• [The problem]
For the data below, transcribe the part that opens with the line containing "Hotel Hampton By Hilton Ordu Exterior foto" and closes with the line containing "屏東市社宅地基驚見砂湧，立委", exactly and with no pictures.

(Information begins)

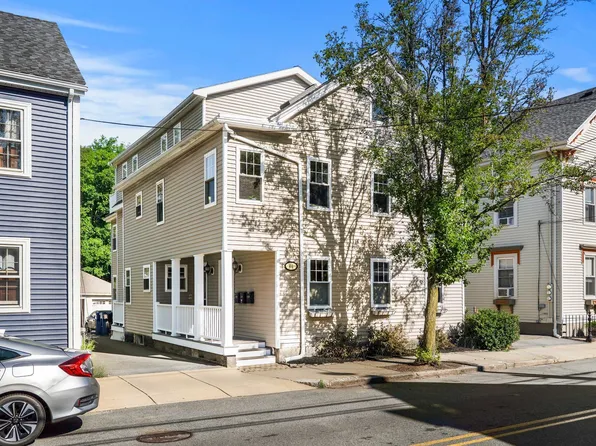 40 Essex St #1, Salem, MA 01970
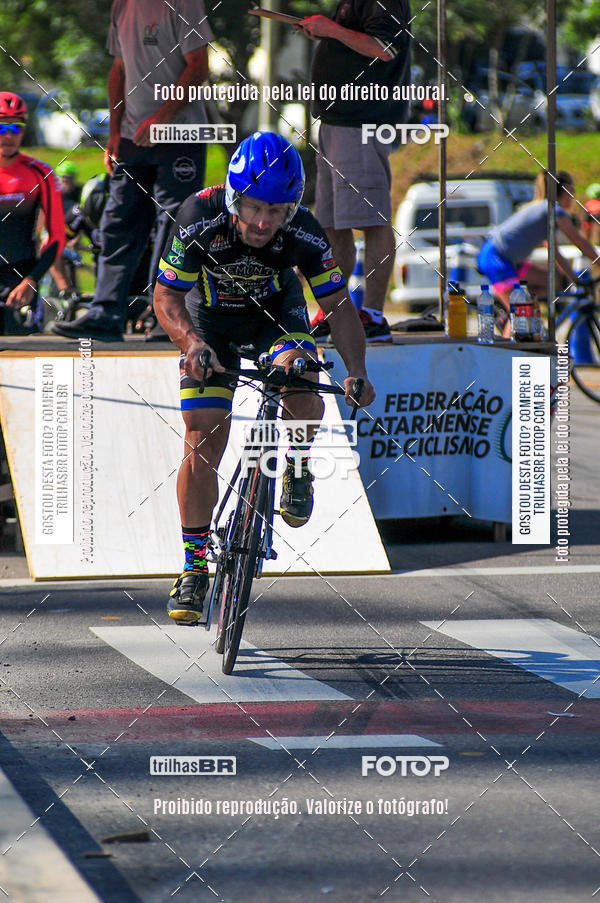 Buy your photos of the eventVolta de Brusque on Fotop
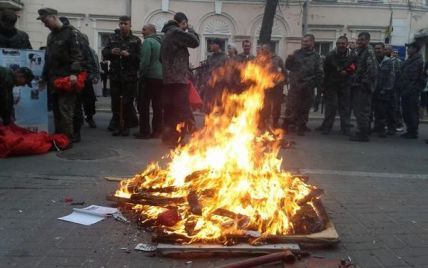 В Киеве сжигают портреты Ленина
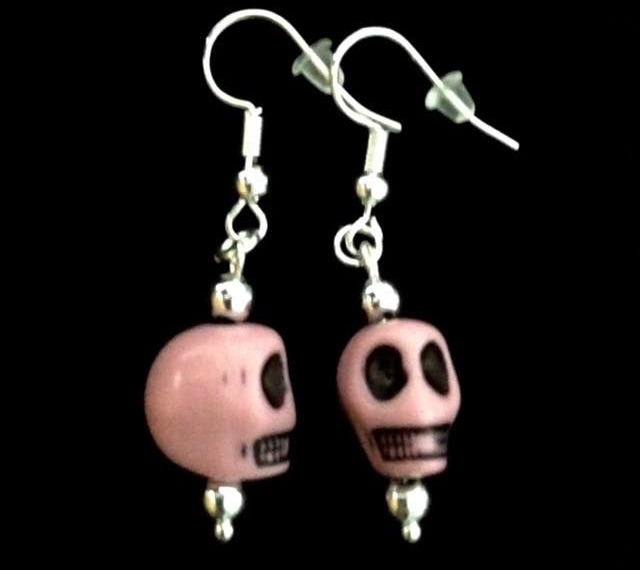 *No.837 Pale Pink Skull Earrings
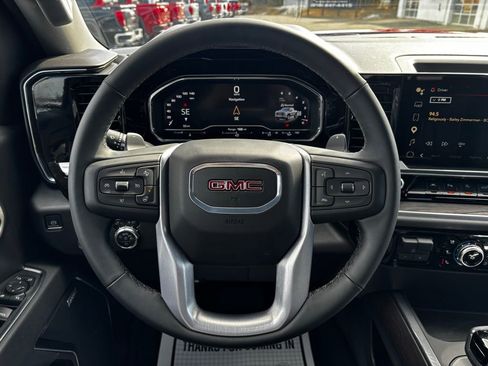 Used 2025 GMC Sierra 1500 SLT w/ SLT Premium Plus Package AWD/4WD image 21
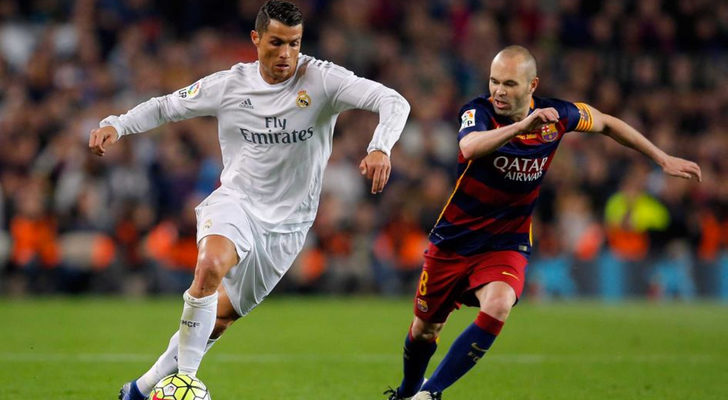Cristiano Ronaldo e Iniesta durante una disputa con el balón en un Clásico
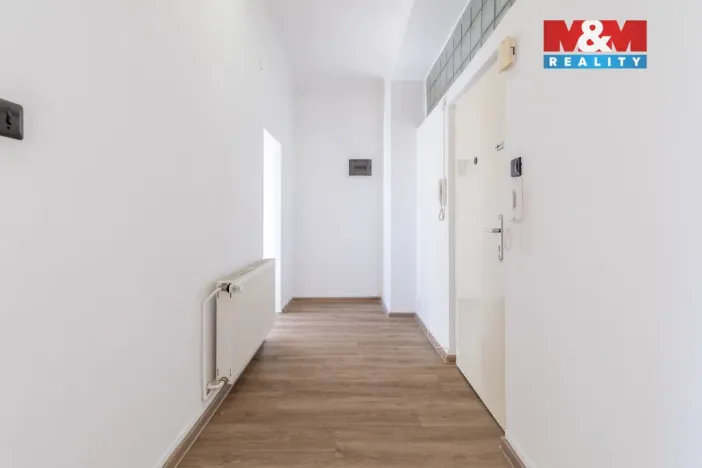 Pronájem bytu 1+1, Český Těšín, Odboje, 49 m2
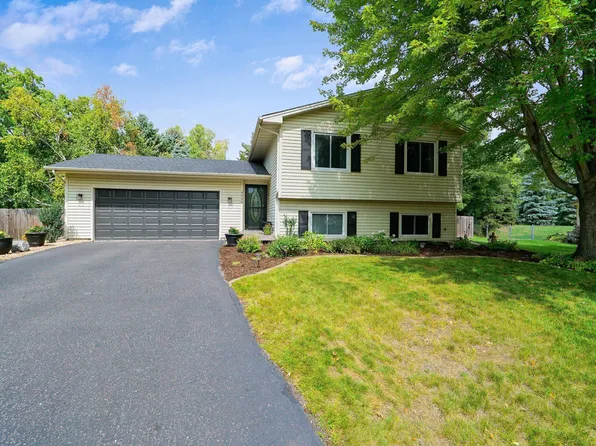 4920 Quaker Ln N, Plymouth, MN 55442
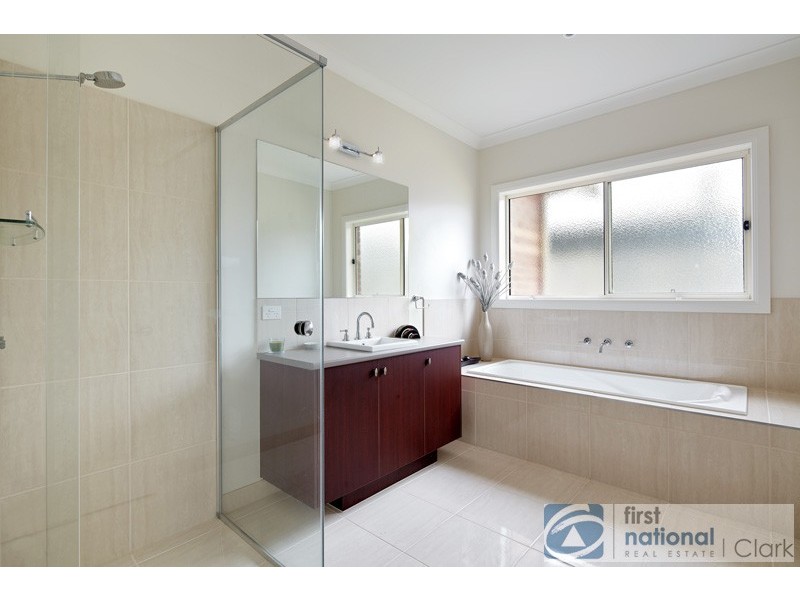 2 Bullen Court, Trafalgar VIC 3824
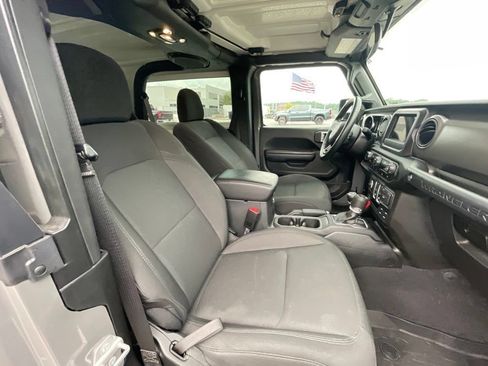 Used 2021 Jeep Wrangler Sport AWD/4WD image 11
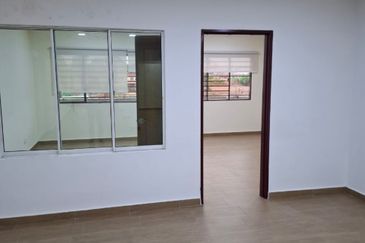 Persiaran Raja Muda Musa, Pelabuhan Klang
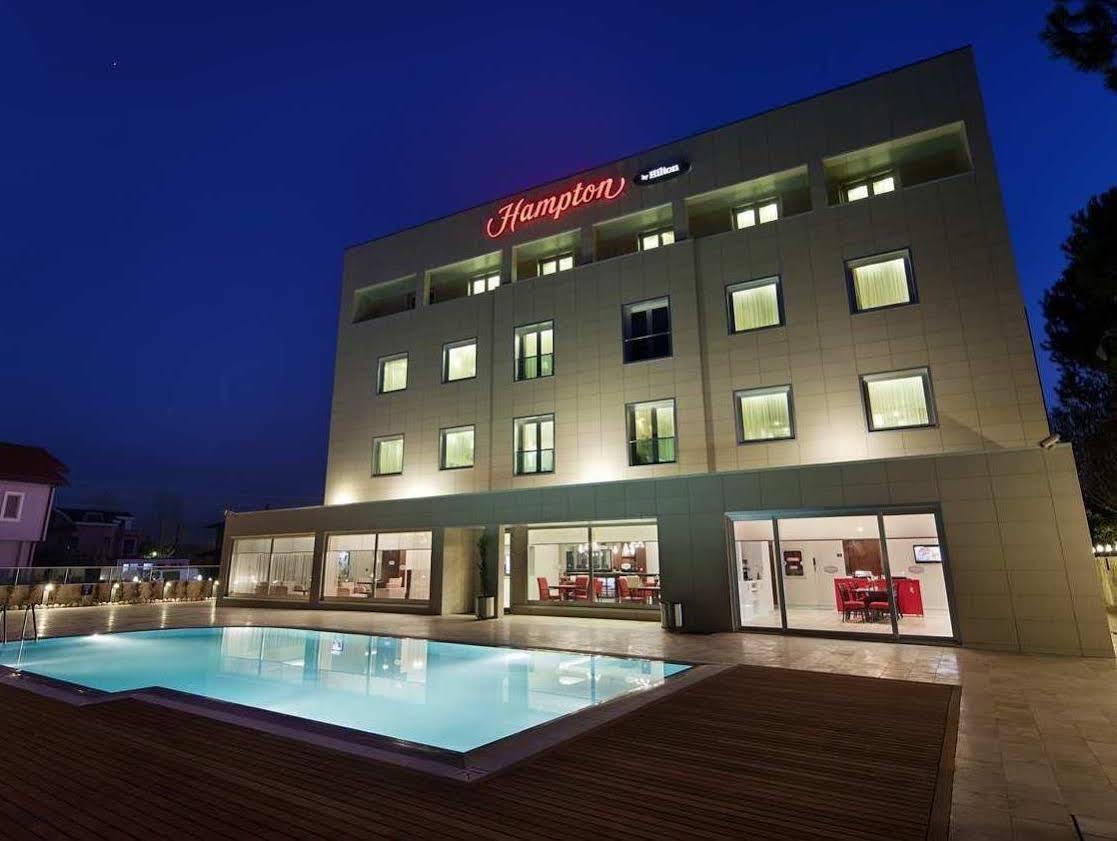 Hotel Hampton By Hilton Ordu Exterior foto
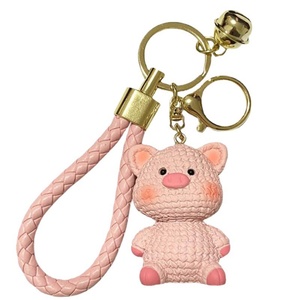Llavero de cerdito de dibujos animados, exquisito y adorable, con diseño de pareja emocional, colgante para bolso, llavero para coche, para mujer, venta al por mayor - Product Image 1
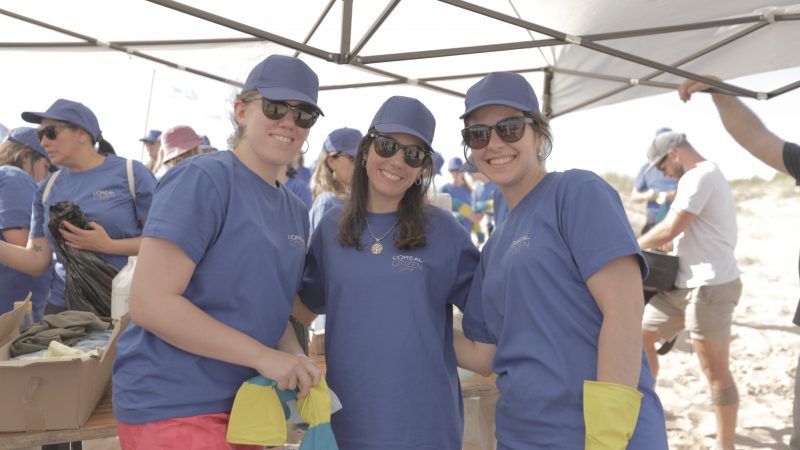 L´Oréal Uruguay celebró su «Citizen Day» con una jornada de limpieza de playas con más de 100 colaboradores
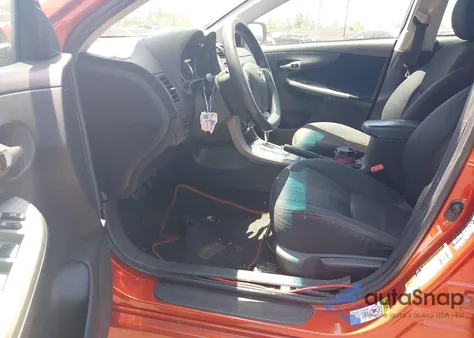 2013 Toyota Corolla S Special Edition z USA, uszkodzony, nr VIN 2T1BU4EE6DC096589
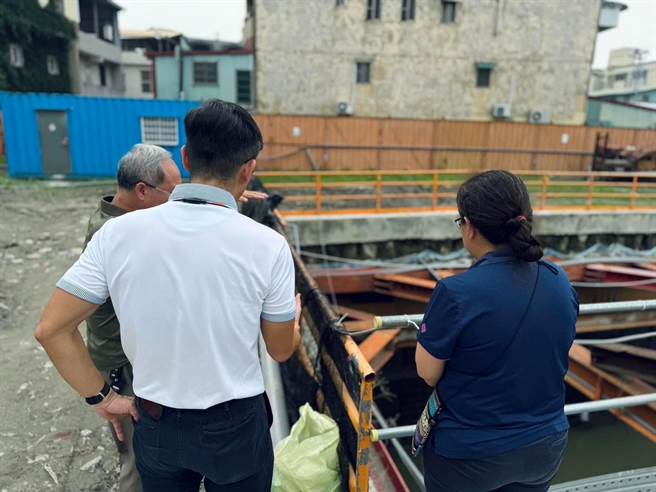 屏東市社宅地基驚見砂湧，立委鍾佳濱（中）10日獲悉消息後緊急到現場勘查並持續關注後續進度。（翻攝自鍾佳濱臉書）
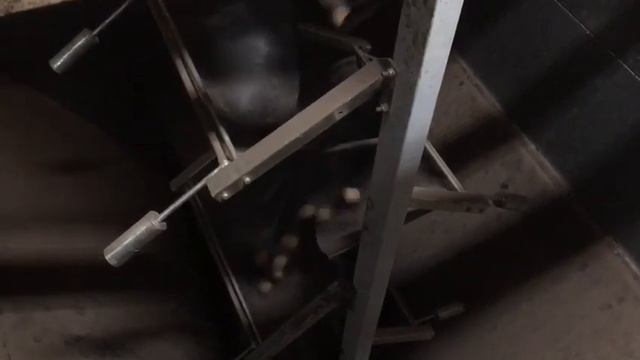 Гасители падения в бункере. смотреть онлайн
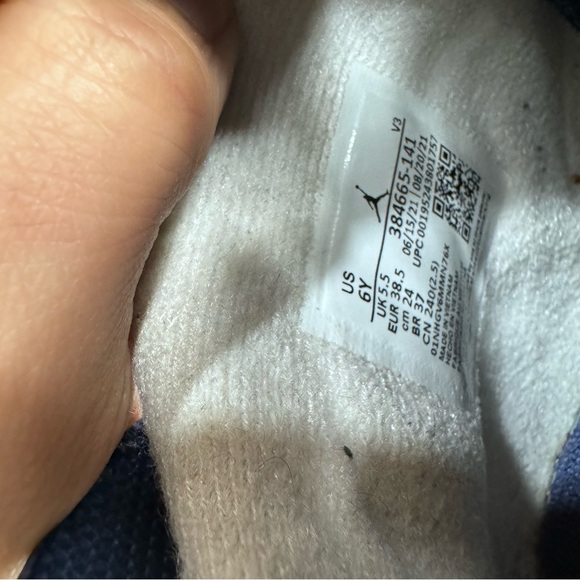 Nike Women’s size 7.5 Air Jordan 6 retro midnight navy 2022 white blue wmns shoe - Picture 10 of 10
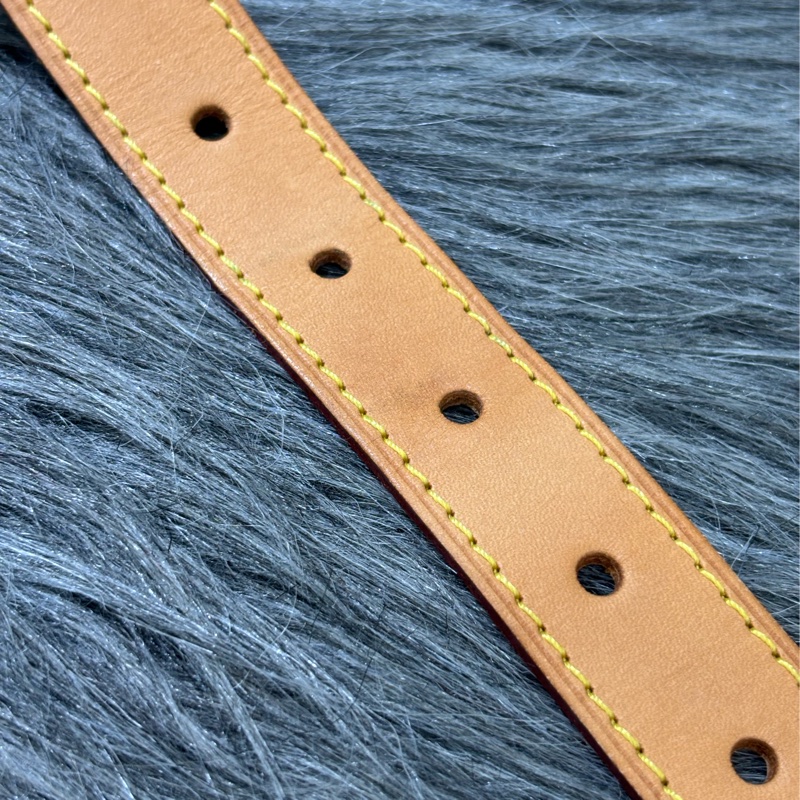 LV M43644 原花 字紋 手拿包 腰包 胸口包 霹靂包 後背包 斜背包 肩背包 手提包-29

(Information ends)

• [Task response]
 Hotel Hampton By Hilton Ordu Exterior foto
Llavero de cerdito de dibujos animados, exquisito y adorable, con diseño de pareja emocional, colgante para bolso, llavero para coche, para mujer, venta al por mayor - Product Image 1
 L´Oréal Uruguay celebró su «Citizen Day» con una jornada de limpieza de playas con más de 100 colaboradores
 2013 Toyota Corolla S Special Edition z USA, uszkodzony, nr VIN 2T1BU4EE6DC096589
 屏東市社宅地基驚見砂湧，立委鍾佳濱（中）10日獲悉消息後緊急到現場勘查並持續關注後續進度。（翻攝自鍾佳濱臉書）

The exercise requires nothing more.